Reproduce the data in its entirety, exactly as written.

*** DATASET EXCERPT ***

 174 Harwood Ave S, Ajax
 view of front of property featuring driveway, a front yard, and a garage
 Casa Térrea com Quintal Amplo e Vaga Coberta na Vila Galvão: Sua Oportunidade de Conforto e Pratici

***

→ **SOLUTION**
 174 Harwood Ave S, Ajax
 view of front of property featuring driveway, a front yard, and a garage
 Casa Térrea com Quintal Amplo e Vaga Coberta na Vila Galvão: Sua Oportunidade de Conforto e Pratici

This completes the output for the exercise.